Shakespeare shows the passage of time through multiple examples of change. In the first two lines, the clock chimes to tell us when the day begins to sink into night. “When I do count the clock that tells the time, and see the brave day sunk in hideous night;” (Shakespeare 1-2). A flower, the violet, begins to droop and die as it ages past its prime. Dark hair begins to turn silver with a dash of white. The seasons change from summer to winter.
- What does Shakespeare mean when he states “And nothing ‘gainst Time’s scythe can make defense, save breed, to brave him when he takes thee hence.” (Shakespeare 13-14)? Who is taking him away and where are they taking him?
He’s saying that nothing can protect you from time; there is no defense against aging and the perpetual movement of time. The best thing you can do is have children and procreate, so that they may challenge you when you pass from this world, and carry on your legacy, your name. Time is taking him away, and he will be taken to death’s door and whatever lies beyond. “And nothing ‘gainst Time’s scythe can make defense, save breed, to brave him when he takes thee hence.” (Shakespeare 13-14).
- What 3 colours are referenced in Shakespeare’s poem?
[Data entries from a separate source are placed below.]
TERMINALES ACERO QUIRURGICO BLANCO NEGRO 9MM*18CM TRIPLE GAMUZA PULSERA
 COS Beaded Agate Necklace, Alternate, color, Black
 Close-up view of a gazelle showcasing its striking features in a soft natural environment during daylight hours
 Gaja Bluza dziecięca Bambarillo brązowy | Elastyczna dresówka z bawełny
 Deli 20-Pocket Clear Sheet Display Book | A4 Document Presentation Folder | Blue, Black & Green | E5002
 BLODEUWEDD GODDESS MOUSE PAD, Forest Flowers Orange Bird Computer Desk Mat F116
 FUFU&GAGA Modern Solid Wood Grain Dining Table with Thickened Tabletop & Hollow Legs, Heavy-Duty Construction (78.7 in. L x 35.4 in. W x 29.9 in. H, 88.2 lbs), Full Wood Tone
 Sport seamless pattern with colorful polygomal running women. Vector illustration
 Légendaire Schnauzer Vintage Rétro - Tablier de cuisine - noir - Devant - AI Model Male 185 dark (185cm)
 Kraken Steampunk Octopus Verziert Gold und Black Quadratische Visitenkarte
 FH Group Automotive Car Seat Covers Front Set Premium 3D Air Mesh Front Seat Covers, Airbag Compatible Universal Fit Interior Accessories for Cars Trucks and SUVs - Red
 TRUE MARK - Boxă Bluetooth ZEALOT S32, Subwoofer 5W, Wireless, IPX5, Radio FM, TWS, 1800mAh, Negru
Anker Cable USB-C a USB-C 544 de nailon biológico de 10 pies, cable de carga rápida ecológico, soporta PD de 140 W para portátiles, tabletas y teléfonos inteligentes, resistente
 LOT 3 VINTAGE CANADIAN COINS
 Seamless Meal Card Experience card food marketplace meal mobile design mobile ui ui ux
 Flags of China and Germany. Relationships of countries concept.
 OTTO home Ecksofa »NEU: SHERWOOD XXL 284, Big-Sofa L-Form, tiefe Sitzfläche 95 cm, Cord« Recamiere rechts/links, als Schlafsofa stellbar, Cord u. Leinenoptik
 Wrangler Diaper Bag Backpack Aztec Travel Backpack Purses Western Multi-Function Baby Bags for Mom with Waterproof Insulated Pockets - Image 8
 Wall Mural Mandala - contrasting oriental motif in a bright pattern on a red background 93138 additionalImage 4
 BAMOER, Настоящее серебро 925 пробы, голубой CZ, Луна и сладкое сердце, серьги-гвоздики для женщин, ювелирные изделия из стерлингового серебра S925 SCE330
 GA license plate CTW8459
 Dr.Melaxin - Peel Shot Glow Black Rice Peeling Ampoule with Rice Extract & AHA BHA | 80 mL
What do they symbolize and how to they contribute to the mood of the poem?
The 3 colours referenced in Shakespeare’s poem are sable, white, and green. The sable and white symbolize the hair of a person changing colours as they age. It adds to the sad, melancholy mood by giving the reader an example in which they may be more familiar with seeing as the hair colour change is a much more common problem that most people are faced with. Green symbolizes the life that blooms in the spring and summer, which occurs on a steady cycle. It adds to the happiness of the poem, it allows the reader to think of it as the flowers reproducing in order to have their seeds bloom in the spring.”And summer’s green all girded up in sheaves borne on the bier with white and bristly beard,” (Shakespeare 7-8). It’s similar to giving life to children; it takes a few seasons to fully develop.
- In William Wordsworth’s poem, ‘We Are Seven’, how does the author create eeriness at the beginning of the poem? Do you find this approach effective?
Without giving the reading background information, Wordsworth starts the poem off with a errie subject, death. His first stanza reads: “A Simple Child, that lightly draws its breath, and feels its life in every limb, what should it know of death?” (Wordsworth 1-4). I find the approach he used effective, because it hooks you in and persuades you to continue reading.
- What is the author and the young girl in the poem discussing? Where are her siblings?
The author and the young girl are discussing her siblings. 2 of her siblings live in Conway, two others are out at sea, and two are buried in the church-yard. “She answered, “Seven are we; and two of us at Conway dwell, and two are gone to sea. Two of us in the church-yard life, my sister and my brother;”” (Wordsworth 18-21).
- Look at the year this poem was written; does the time period have any significance on why the young girl had two siblings die?
In 1798 there weren’t many satisfactory health institutions. Infantile and children mortality rates were high, because parents couldn’t support them and take care of them. “The first that died was sister Jane; in bed she moanig lay, till God released her of her pain; and then she went away.” (Wordsworth 49-52)
- How is rhythm created in this poem as you read each line? How many lines are in each stanza?
Rhythm is created in a four beat to three beat to four beat to three beat style. In each stanza there are four lines. “She had a rustic, woodland air, and she was wildly clad: Her eyes were fair, and very fair; — her beauty made me glad.” (Wordsworth 9-12).
- Which of the two poems did you enjoy the most and why? Be sure to provide your won personal opinion while also referencing the structure of the poem.
I really liked “We Are Seven”, I liked the idea of innocence in children. The little girl in the story either hadn’t fully understood what it meant when her siblings had died, or she understood it so well that she hadn’t didn’t forget nor forsake them when they had left the physical world. “The little Maid would have her will, and said “Nay, we are seven!”” (Wordsworth 68-69). I tend to enjoy ballad poems because I like reading poems when it’s written more in a narrative style.